(Material for this task Opens)
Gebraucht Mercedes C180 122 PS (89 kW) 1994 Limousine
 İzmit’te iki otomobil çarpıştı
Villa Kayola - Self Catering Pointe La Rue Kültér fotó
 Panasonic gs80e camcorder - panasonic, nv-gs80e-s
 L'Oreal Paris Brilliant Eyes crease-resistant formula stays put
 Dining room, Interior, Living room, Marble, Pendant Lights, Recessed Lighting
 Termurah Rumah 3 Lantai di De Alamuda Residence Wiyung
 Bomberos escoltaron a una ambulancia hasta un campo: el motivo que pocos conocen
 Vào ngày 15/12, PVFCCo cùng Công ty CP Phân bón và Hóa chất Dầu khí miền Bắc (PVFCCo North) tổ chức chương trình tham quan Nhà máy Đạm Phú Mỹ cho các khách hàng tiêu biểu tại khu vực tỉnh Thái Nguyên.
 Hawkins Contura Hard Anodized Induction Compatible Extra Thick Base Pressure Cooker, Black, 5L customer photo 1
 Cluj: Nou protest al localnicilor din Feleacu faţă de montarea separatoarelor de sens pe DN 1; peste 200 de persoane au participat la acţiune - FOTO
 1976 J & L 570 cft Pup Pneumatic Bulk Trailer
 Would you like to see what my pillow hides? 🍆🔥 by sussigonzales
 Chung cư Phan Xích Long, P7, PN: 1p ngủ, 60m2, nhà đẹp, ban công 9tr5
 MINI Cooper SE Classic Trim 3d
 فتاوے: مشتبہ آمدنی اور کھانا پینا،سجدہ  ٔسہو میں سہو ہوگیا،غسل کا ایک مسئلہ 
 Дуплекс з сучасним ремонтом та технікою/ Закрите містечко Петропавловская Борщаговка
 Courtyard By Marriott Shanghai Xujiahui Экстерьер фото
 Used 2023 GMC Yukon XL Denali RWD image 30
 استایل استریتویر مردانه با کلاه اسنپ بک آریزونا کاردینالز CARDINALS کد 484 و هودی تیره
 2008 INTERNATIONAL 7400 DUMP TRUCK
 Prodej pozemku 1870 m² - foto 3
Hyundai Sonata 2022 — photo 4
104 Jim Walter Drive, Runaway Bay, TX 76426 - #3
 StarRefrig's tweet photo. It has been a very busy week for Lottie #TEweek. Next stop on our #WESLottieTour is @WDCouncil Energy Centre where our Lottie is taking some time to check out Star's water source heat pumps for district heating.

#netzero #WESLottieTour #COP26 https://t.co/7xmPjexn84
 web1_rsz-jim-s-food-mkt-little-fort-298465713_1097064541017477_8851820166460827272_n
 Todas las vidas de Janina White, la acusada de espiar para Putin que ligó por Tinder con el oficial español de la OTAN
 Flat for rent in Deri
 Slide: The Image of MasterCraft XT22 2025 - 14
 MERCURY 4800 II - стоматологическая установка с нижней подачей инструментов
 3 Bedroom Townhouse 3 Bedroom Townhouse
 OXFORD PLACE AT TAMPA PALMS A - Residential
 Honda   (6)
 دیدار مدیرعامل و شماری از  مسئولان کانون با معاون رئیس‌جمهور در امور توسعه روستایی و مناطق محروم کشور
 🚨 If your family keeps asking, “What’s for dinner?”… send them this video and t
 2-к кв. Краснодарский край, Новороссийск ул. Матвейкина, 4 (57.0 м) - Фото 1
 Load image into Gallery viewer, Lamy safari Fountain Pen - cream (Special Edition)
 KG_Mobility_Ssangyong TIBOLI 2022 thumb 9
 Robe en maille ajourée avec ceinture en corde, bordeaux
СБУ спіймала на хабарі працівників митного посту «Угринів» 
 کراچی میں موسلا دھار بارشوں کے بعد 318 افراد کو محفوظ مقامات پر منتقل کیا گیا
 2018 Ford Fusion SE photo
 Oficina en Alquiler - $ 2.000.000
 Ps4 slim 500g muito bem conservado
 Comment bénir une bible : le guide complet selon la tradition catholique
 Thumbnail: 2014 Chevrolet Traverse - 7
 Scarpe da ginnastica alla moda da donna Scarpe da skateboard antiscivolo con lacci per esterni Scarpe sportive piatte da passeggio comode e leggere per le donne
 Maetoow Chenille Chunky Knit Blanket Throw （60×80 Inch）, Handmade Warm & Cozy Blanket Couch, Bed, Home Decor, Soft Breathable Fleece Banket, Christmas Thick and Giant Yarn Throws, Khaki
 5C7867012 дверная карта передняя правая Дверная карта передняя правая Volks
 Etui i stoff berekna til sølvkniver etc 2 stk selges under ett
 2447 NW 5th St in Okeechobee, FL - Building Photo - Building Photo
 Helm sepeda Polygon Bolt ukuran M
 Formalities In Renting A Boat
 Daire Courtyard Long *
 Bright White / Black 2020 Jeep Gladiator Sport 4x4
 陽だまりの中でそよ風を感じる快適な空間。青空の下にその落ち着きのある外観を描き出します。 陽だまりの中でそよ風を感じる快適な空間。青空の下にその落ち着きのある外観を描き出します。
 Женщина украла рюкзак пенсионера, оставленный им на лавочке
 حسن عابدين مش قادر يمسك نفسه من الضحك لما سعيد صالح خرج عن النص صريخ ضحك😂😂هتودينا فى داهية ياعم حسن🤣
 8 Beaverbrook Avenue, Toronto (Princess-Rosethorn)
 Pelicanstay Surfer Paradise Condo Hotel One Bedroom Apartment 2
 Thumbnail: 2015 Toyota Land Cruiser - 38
(Material for this task Closes)
# What to produce
In the listing above, find the line with "2-к кв. Краснодарский" and the line with "Scarpe da ginnastica", then print exactly those lines and every line between them.

# Exercise answer
 2-к кв. Краснодарский край, Новороссийск ул. Матвейкина, 4 (57.0 м) - Фото 1
 Load image into Gallery viewer, Lamy safari Fountain Pen - cream (Special Edition)
 KG_Mobility_Ssangyong TIBOLI 2022 thumb 9
 Robe en maille ajourée avec ceinture en corde, bordeaux
СБУ спіймала на хабарі працівників митного посту «Угринів» 
 کراچی میں موسلا دھار بارشوں کے بعد 318 افراد کو محفوظ مقامات پر منتقل کیا گیا
 2018 Ford Fusion SE photo
 Oficina en Alquiler - $ 2.000.000
 Ps4 slim 500g muito bem conservado
 Comment bénir une bible : le guide complet selon la tradition catholique
 Thumbnail: 2014 Chevrolet Traverse - 7
 Scarpe da ginnastica alla moda da donna Scarpe da skateboard antiscivolo con lacci per esterni Scarpe sportive piatte da passeggio comode e leggere per le donne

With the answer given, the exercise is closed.